The present study showed that a single intrathecal administration of either a CCL3-neutralizing antibody or the selective P2X7R antagonist reversed the established mechanical allodynia in paclitaxel-treated rats. Considering that microglia release CCL3 in response to P2X7R activation [11], the most parsimonious hypothesis is that ongoing signaling via CCL3 (presumably released from P2X7R-stimulating microglia) is crucial for maintaining paclitaxel-induced pain hypersensitivity. Although the detailed mechanisms by which CCL3 mediates paclitaxel-induced mechanical allodynia are not clear, spinal CCL3 might affect spinal pain processing. The ability of spinal CCL3 to produce mechanical allodynia has been demonstrated by our and other studies showing that intrathecal administration of CCL3 to naïve animals produces pain hypersensitivity in response to mechanical stimulation [12, 25]. The expression of CCR5 in the SDH was markedly upregulated, and the time course of its upregulation matched that of CCL3 expression in the SDH. CCR5 was implicated in pain hypersensitivity in a model of neuropathic pain caused by traumatic nerve injury [12, 15]. CCR5 expression has been reported to be localized to activated microgila in the spinal cord in response to nerve injury [12, 26]. It is thus speculated that spinal CCL3 released from microglia in response to activation of P2X7Rs by extracellular ATP (which is presumably released from neighboring neurons [27] or glial cells [28]) further activates microglia via CCR5 in an autocrine manner, which may in turn lead to an alteration of dorsal horn pain processing. On the other hand, there was a lack of changes in CCR1 expression in the SDH of pactitaxel-treated rats, although a previous study has reported the upregulation of CCR1 in the spinal cord after traumatic nerve injury [13]. Considering recent findings showing the failure of a selective CCR1 antagonist to suppress paclitaxel-evoked cold hypersensitivity [29], spinal CCL3-CCR5 signaling may play an important role in paclitaxel-induced neuropathic pain. However, how CCL3-stimulated microglia affect pain processing in the dorsal horn remains to be determined.

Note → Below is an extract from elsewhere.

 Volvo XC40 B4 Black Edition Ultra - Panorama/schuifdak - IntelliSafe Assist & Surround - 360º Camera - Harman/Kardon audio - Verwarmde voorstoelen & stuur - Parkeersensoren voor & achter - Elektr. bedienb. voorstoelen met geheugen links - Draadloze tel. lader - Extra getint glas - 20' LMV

In summary, the present study revealed CCL3 as an important player in the development and maintenance of mechanical allodynia following paclitaxel treatment. Therefore, our findings not only provide evidence for a new mechanism underlying the pathogenesis of chemotherapy-induced peripheral sensory neuropathy, but also suggest a novel therapeutic approach to neuropathic pain.